Now let me not be suspected of any desire to insinuate that the natives of this country, when you foreign-born fellow-citizens came here, had no part, no effective meritorious part in this great development. They surely made a beginning. It is true, about fifty or sixty years ago, it would not have been said that the Americans were a very musical people, but they began to be. I heard a story once of a Yankee who listened to a virtuoso on the violin, and when the performance was over he had himself introduced to the artist, as a Yankee is apt to do (laughter), and he asked to see his instrument. “What!” said the artist, “can you play on the violin, too?” “Well,” said the Yankee, “I don't know; I have never tried.” (Laughter.) Well, gentlemen, the Yankee has begun to try in the meantime, and I tell you when the Yankee tries seriously, then something good will come of it. (Applause.)

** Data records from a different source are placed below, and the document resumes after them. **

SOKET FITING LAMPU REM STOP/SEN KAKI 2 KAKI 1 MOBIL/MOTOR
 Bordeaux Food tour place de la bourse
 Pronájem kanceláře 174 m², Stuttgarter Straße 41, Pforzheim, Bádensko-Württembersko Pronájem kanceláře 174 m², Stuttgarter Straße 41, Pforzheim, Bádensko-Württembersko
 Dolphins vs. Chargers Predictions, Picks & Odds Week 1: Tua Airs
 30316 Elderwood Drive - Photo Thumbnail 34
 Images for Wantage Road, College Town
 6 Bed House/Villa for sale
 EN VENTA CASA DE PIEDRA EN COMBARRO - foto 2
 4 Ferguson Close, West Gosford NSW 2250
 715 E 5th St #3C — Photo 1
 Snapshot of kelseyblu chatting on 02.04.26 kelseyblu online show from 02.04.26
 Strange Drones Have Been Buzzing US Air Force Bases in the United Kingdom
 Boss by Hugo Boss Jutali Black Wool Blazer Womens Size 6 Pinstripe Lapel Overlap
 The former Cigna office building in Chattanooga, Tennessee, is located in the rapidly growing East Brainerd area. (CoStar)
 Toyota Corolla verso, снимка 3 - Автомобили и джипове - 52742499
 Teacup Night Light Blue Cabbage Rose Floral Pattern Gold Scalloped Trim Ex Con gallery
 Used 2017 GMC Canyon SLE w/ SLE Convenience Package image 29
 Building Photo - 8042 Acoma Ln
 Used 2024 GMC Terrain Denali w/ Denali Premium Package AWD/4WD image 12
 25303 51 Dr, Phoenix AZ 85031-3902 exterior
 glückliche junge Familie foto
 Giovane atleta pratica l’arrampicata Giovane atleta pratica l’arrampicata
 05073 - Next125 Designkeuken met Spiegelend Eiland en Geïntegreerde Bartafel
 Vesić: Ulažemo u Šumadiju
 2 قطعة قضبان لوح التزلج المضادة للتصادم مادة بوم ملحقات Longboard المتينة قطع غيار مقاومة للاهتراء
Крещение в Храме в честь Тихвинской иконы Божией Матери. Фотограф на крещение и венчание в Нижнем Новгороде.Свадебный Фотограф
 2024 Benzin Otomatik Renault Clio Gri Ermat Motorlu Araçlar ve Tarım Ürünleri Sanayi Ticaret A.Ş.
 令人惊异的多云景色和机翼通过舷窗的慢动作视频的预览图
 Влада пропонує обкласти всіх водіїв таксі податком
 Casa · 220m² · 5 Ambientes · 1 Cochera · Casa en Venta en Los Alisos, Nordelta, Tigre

And thus the development of music in a truer and narrower American sense will be such that those of our foreign friends who will come here to teach us, may look to their honors. (Applause.) Well, it may be said that the American mind, which is now, simply, still in a sort of formative condition, is fast appreciating the great fact that the development of art in general, and of music in particular, is one of the essential requisites of the development of American civilization. (Applause.)
Now, gentlemen, I have already spoken more than the two or three minutes my doctor allotted me, and while you have very kindly received what I have said, I am afraid I will have to face a very severe scolding from him to-morrow.